Nov. 6 (Bloomberg) -- An ex-Pennsylvania State University defensive coordinator under football Coach Joe Paterno was charged with sexually assaulting boys, and two school officials were accused of lying to a grand jury about what they knew of the incidents.
Gerald “Jerry” Sandusky, 67, of State College, Pennsylvania, was released on $100,000 unsecured bail yesterday after appearing on charges involving sexual abuse of children while he was founder of Second Mile, a charitable organization that operates programs for young people. The charges involve sexual assaults or advances on eight boys from 1994 to 2009, according to Pennsylvania Attorney General Linda Kelly.

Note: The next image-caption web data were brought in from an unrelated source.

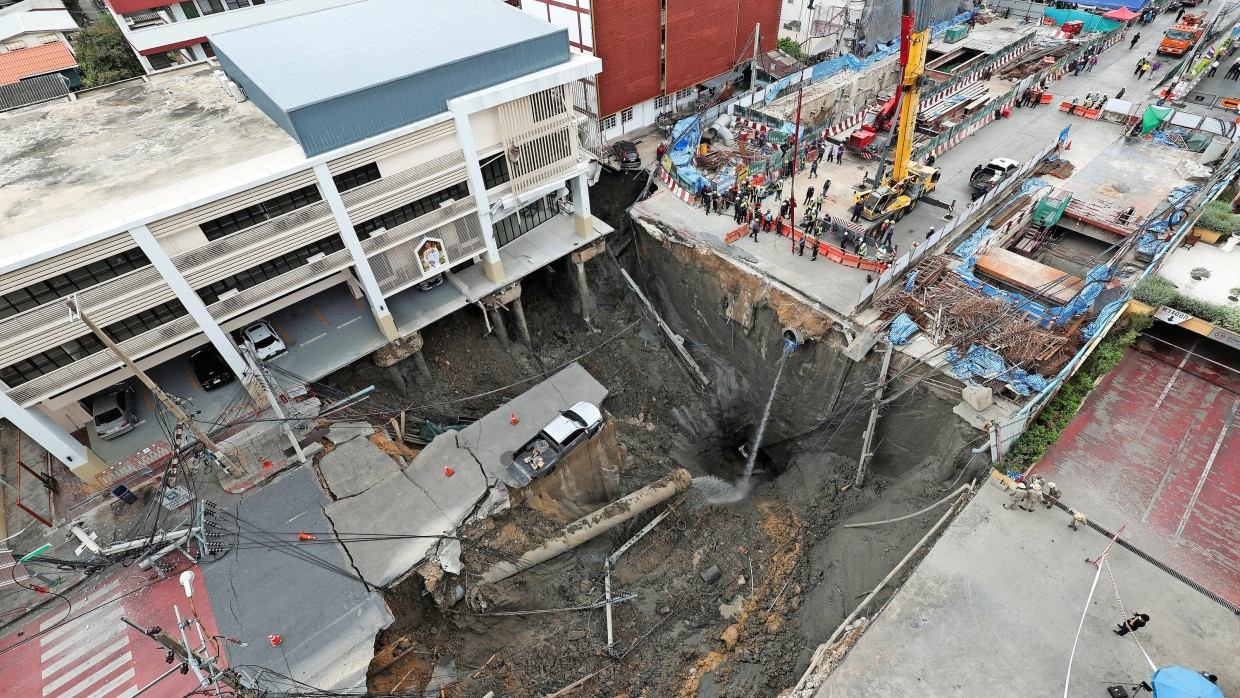 Eingestürzt: Das Loch in der Samsen-Straße in Bangkok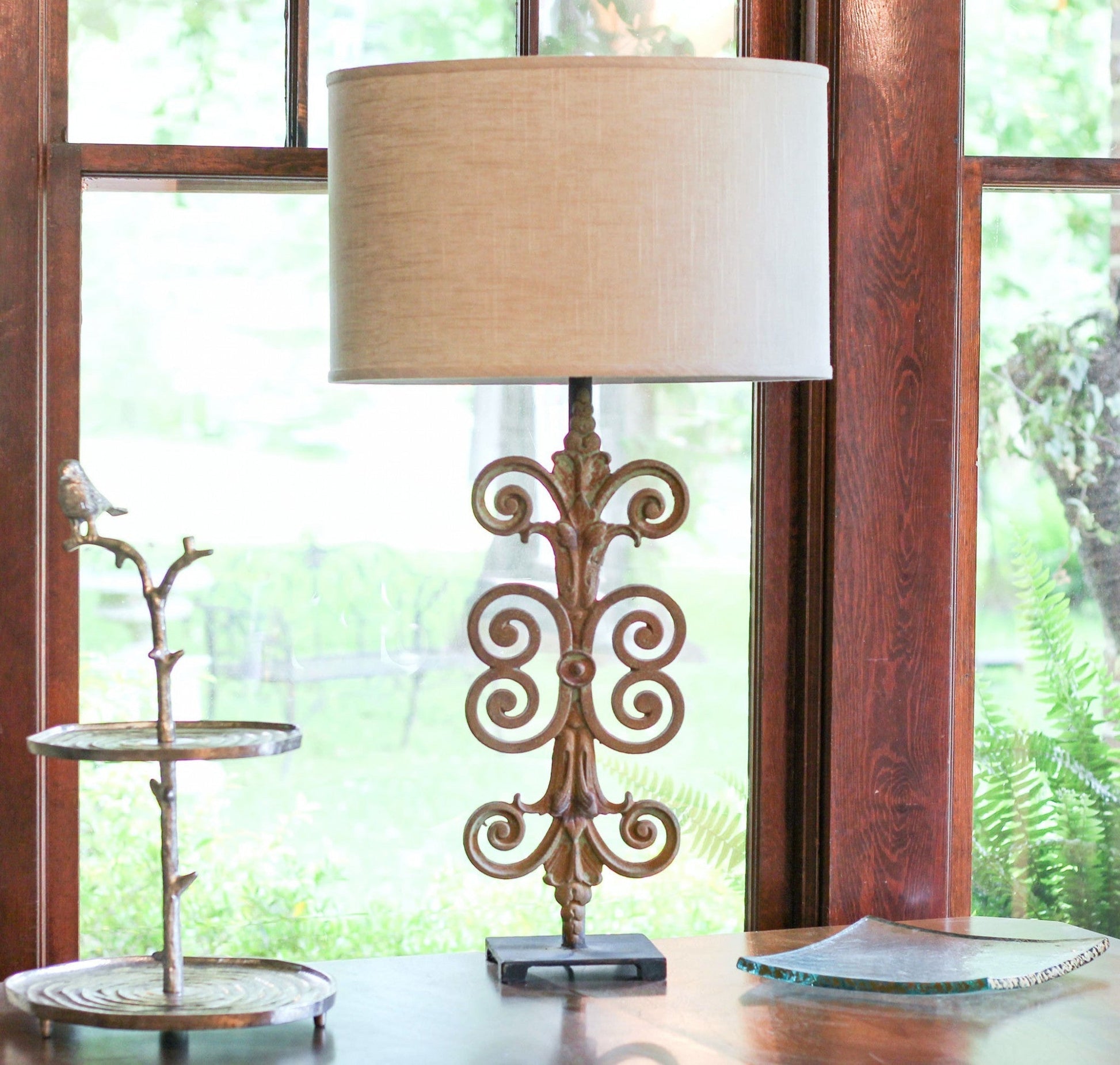 HomeRoots 18" Throwback Oval Linen Lampshade in Light Wheat Finish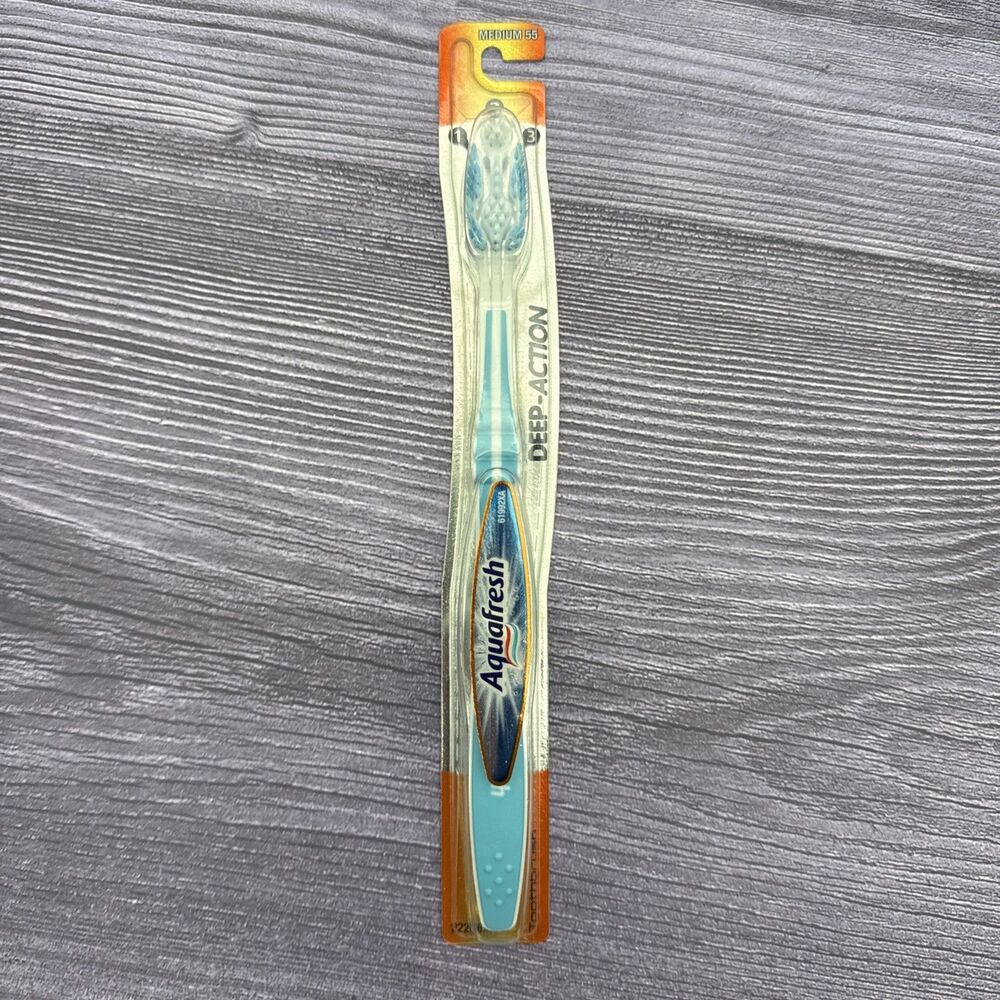 VTG Aquafresh Deep-Action Medium Bristles (55) Toothbrush Gumline Reach Flexible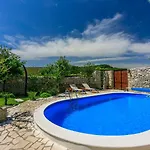 Lichtdurchflutete Mit Alpaka-ranch In Der Naehe, Privatpool, Grillbereich, Waschmaschine Holiday home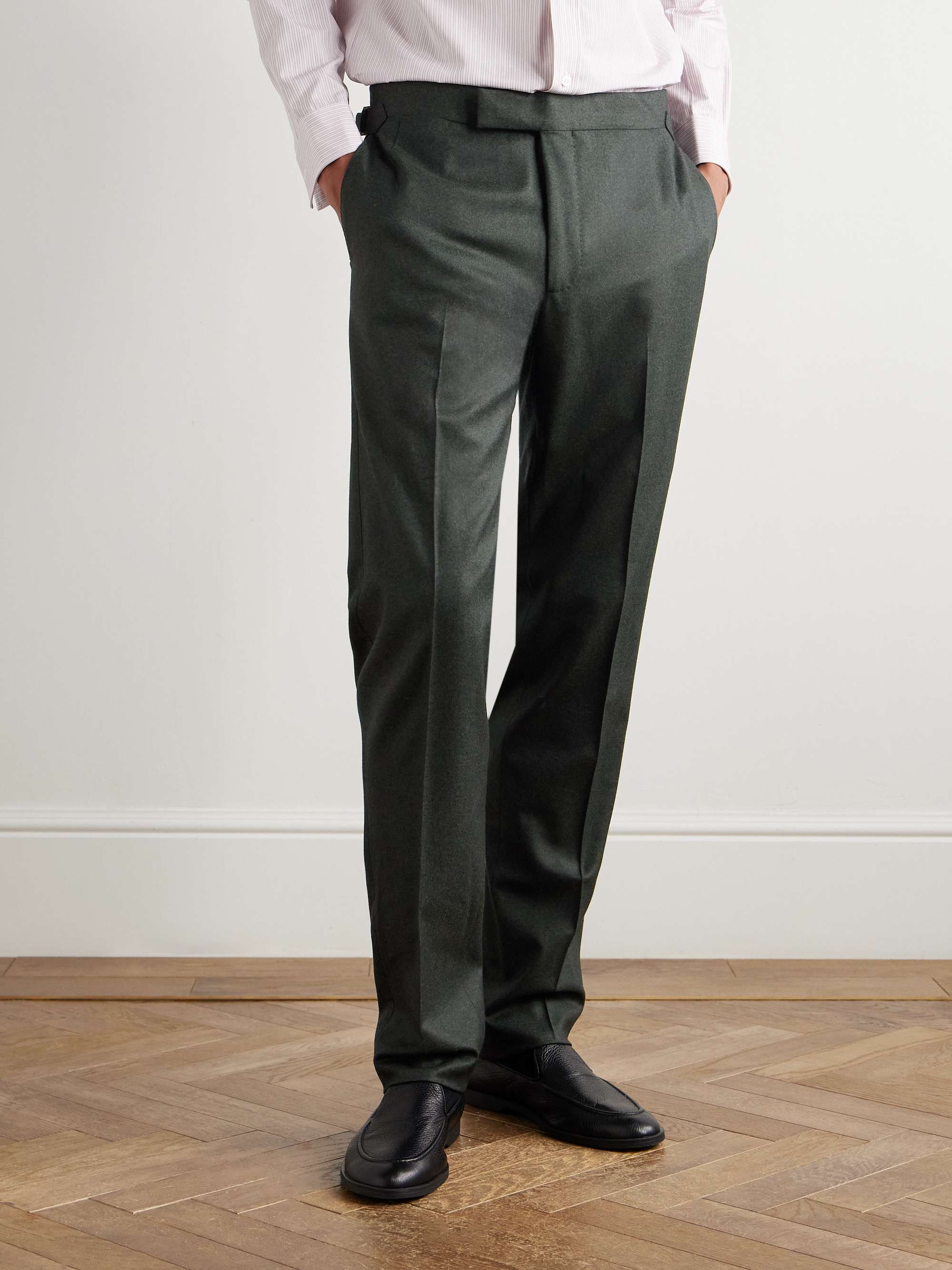 THOM SWEENEY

Penn State Athletics Director Timothy Curley, 57, and Senior Vice President Charles Schultz, 62, who oversaw the university police, were charged with failing to report the allegations as well as perjury, Kelly said. They are scheduled to surrender tomorrow in Harrisburg, Pennsylvania, she said.
“This is a case about a sexual predator who used his position within the university and community to repeatedly prey on young boys,” Kelly said in a statement. “It is also a case about high-ranking university officials who allegedly failed to report the sexual assault of a young boy after the information was brought to their attention, and later made false statements to a grand jury that was investigating a series of assaults on young boys.”
All the boys came to know Sandusky through the Second Mile program, which had camps on the Penn State campus, Kelly said. One victim told the grand jury the advances began as “back cracking” and rubbing when he was 11 or 12 years old and later escalated to sex acts during overnight visits at Sandusky’s home.
Sandusky has been aware of the allegations for three years, his attorney Joe Amendola said after yesterday’s court appearance. The investigation began in 2009 after the victim’s mother reported allegations of sexual assault to officials at her son’s high school.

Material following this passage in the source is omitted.